• WORK INSTRUCTIONS
Quote the records below in full, exactly as given, with the images taken out.

• DATASET EXTRACT
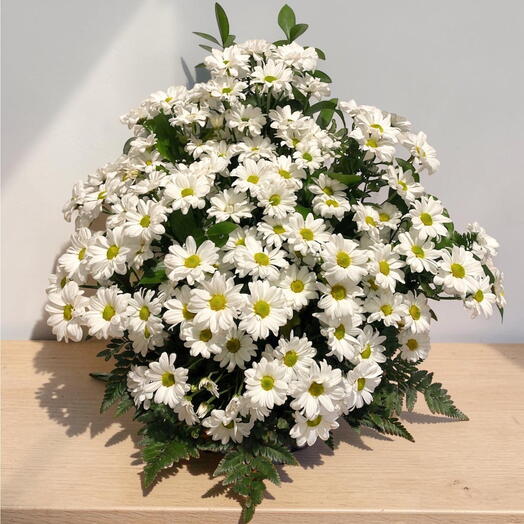Composicion Funebre Clasica 🤍🌼🕊️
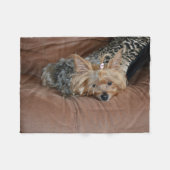 Niedlich Yorkshire Terrier Puppy Fleecedecke (Vorderseite (Horizontal))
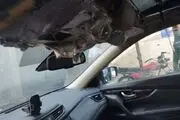 گروگانگیری آتشین مقابل مجتمع پالادیوم +عکس
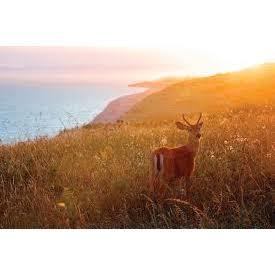 Island Wildlife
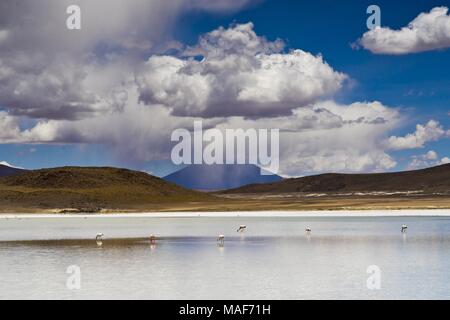 Lagune de l'altiplano en Bolivie, Southamerica Banque D'Images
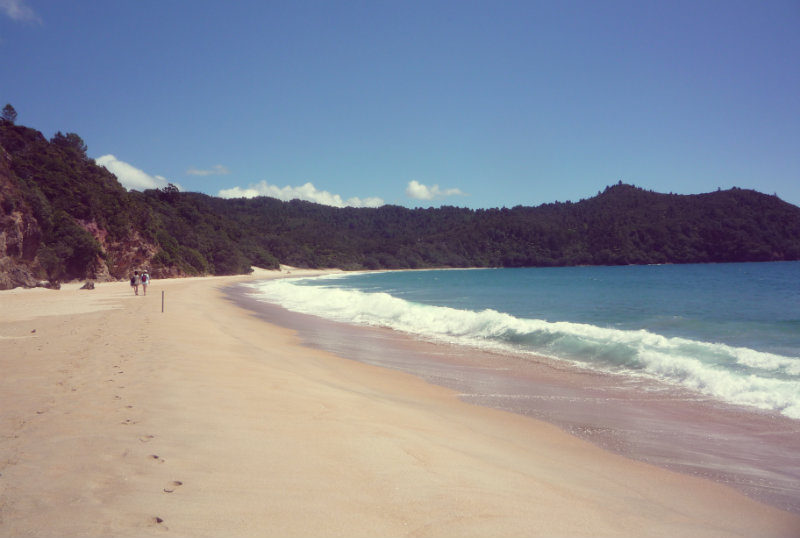 One of New Zealand's top beaches - New Chums in Coromandel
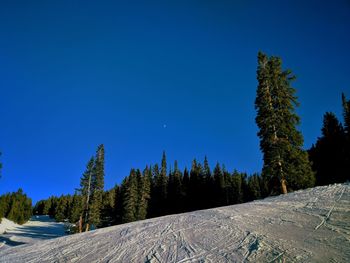 Trees on landscape against clear blue sky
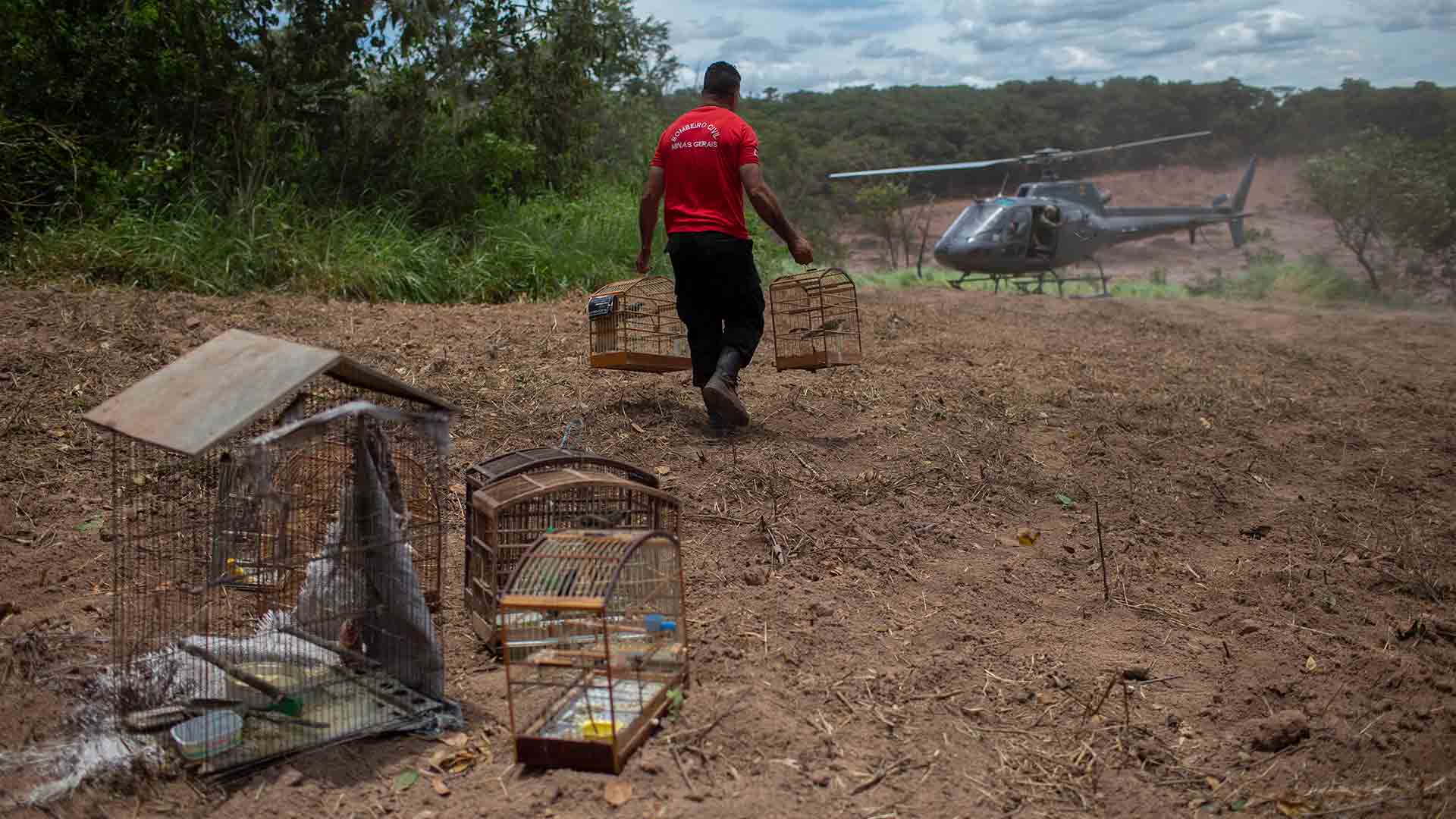 Se elevan a 60 los muertos por la rotura de una mina en Brasil y sigue la búsqueda de desaparecidos
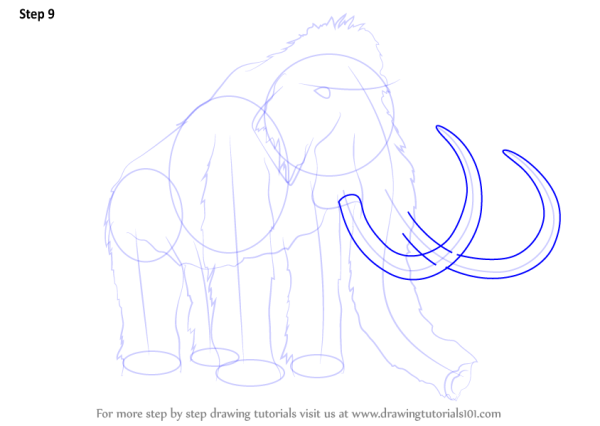 Поэтапное рисование мамонта для детей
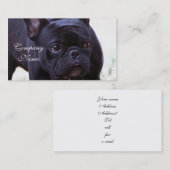 Franse hond van Bulldog Visitekaartje (Voorkant / Achterkant)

• SOLUTION FOR THIS PROBLEM
Composicion Funebre Clasica 🤍🌼🕊️
 Niedlich Yorkshire Terrier Puppy Fleecedecke (Vorderseite (Horizontal))
 گروگانگیری آتشین مقابل مجتمع پالادیوم +عکس
 Island Wildlife
 Lagune de l'altiplano en Bolivie, Southamerica Banque D'Images
 One of New Zealand's top beaches - New Chums in Coromandel
 Trees on landscape against clear blue sky
 Se elevan a 60 los muertos por la rotura de una mina en Brasil y sigue la búsqueda de desaparecidos
 Поэтапное рисование мамонта для детей
 Franse hond van Bulldog Visitekaartje (Voorkant / Achterkant)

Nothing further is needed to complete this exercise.